If you use the software, please consider citing scikit-learn.

This page

Sparse coding with a precomputed dictionary

Transform a signal as a sparse combination of Ricker wavelets. This example visually compares different sparse coding methods using the sklearn.decomposition.SparseCoder estimator. The Ricker (also known as mexican hat or the second derivative of a gaussian) is not a particularily good kernel to represent piecewise constant signals like this one.

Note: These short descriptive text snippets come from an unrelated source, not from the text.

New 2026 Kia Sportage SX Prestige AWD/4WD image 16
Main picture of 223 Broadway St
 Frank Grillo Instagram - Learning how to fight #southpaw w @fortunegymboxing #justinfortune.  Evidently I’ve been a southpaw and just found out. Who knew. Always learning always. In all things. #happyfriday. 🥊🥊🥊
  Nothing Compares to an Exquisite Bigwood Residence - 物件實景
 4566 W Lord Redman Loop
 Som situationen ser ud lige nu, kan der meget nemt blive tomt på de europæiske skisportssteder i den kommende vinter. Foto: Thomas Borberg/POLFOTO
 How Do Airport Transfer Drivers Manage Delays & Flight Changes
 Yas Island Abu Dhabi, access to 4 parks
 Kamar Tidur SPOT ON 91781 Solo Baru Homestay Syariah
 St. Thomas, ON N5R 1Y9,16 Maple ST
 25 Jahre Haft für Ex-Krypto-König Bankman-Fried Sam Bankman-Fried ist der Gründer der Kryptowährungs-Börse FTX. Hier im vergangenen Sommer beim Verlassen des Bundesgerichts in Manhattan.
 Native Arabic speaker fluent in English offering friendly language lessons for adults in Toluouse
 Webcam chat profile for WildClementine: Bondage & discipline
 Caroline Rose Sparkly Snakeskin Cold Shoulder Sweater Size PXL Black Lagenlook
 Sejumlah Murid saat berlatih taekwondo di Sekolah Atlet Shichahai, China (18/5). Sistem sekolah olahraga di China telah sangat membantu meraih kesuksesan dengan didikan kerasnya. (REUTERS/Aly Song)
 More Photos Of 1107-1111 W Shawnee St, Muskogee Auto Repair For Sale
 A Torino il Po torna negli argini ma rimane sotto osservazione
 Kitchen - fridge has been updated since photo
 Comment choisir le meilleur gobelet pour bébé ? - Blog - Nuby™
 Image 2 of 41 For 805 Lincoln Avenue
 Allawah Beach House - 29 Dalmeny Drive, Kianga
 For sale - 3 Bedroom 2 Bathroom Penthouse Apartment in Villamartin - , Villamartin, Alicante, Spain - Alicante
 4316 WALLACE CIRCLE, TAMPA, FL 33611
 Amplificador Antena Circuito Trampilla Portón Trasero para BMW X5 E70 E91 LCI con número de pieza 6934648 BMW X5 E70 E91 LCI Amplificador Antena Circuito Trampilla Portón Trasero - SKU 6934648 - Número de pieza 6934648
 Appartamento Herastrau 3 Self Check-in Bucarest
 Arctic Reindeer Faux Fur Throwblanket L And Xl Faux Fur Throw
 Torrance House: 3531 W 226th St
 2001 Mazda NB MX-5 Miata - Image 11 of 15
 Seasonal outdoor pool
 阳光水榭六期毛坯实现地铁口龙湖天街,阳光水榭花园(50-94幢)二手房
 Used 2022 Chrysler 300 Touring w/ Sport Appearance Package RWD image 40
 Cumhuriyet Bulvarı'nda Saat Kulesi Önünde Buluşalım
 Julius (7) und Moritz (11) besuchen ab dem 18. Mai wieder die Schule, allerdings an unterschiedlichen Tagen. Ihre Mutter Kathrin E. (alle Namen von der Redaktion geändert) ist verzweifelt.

It can therefore be seen how much adding different widths of atoms matters and it therefore motivates learning the dictionary to best fit your type of signals.

The richer dictionary on the right is not larger in size, heavier subsampling is performed in order to stay on the same order of magnitude.

../../_images/plot_sparse_coding_1.png

Python source code: plot_sparse_coding.py

print __doc__

import numpy as np
import matplotlib.pylab as pl

from sklearn.decomposition import SparseCoder


def ricker_function(resolution, center, width):
    """Discrete sub-sampled Ricker (mexican hat) wavelet"""
    x = np.linspace(0, resolution - 1, resolution)
    x = (2 / ((np.sqrt(3 * width) * np.pi ** 1 / 4))) * (
         1 - ((x - center) ** 2 / width ** 2)) * np.exp(
         (-(x - center) ** 2) / (2 * width ** 2))
    return x


def ricker_matrix(width, resolution, n_atoms):
    """Dictionary of Ricker (mexican hat) wavelets"""
    centers = np.linspace(0, resolution - 1, n_atoms)
    D = np.empty((n_atoms, resolution))
    for i, center in enumerate(centers):
        D[i] = ricker_function(resolution, center, width)
    D /= np.sqrt(np.sum(D ** 2, axis=1))[:, np.newaxis]
    return D


resolution = 1024
subsampling = 3  # subsampling factor
width = 100
n_atoms = resolution / subsampling

# Compute a wavelet dictionary
D_fixed = ricker_matrix(width=width, resolution=resolution, n_atoms=n_atoms)
D_multi = np.r_[tuple(ricker_matrix(width=w, resolution=resolution,
                                     n_atoms=np.floor(n_atoms / 5))
                 for w in (10, 50, 100, 500, 1000))]

# Generate a signal
y = np.linspace(0, resolution - 1, resolution)
first_quarter = y < resolution / 4
y[first_quarter] = 3.
y[np.logical_not(first_quarter)] = -1.

# List the different sparse coding methods in the following format:
# (title, transform_algorithm, transform_alpha, transform_n_nozero_coefs)
estimators = [('OMP', 'omp', None, 15),
              ('Lasso', 'lasso_cd', 2, None),
]

pl.figure(figsize=(13, 6))
for subplot, (D, title) in enumerate(zip((D_fixed, D_multi),
                                         ('fixed width', 'multiple widths'))):
    pl.subplot(1, 2, subplot + 1)
    pl.title('Sparse coding against %s dictionary' % title)
    pl.plot(y, ls='dotted', label='Original signal')
    # Do a wavelet approximation
    for title, algo, alpha, n_nonzero in estimators:
        coder = SparseCoder(dictionary=D, transform_n_nonzero_coefs=n_nonzero,
                            transform_alpha=alpha, transform_algorithm=algo)
        x = coder.transform(y)
        density = len(np.flatnonzero(x))
        x = np.ravel(np.dot(x, D))
        squared_error = np.sum((y - x) ** 2)
        pl.plot(x, label='%s: %s nonzero coefs,\n%.2f error' %
                          (title, density, squared_error))

    # Soft thresholding debiasing
    coder = SparseCoder(dictionary=D, transform_algorithm='threshold',
                        transform_alpha=20)
    x = coder.transform(y)
    _, idx = np.where(x != 0)
    x[0, idx], _, _, _ = np.linalg.lstsq(D[idx, :].T, y)
    x = np.ravel(np.dot(x, D))
    squared_error = np.sum((y - x) ** 2)
    pl.plot(x,
            label='Thresholding w/ debiasing:\n%d nonzero coefs, %.2f error' %
            (len(idx), squared_error))
    pl.axis('tight')
    pl.legend()
pl.subplots_adjust(.04, .07, .97, .90, .09, .2)
pl.show()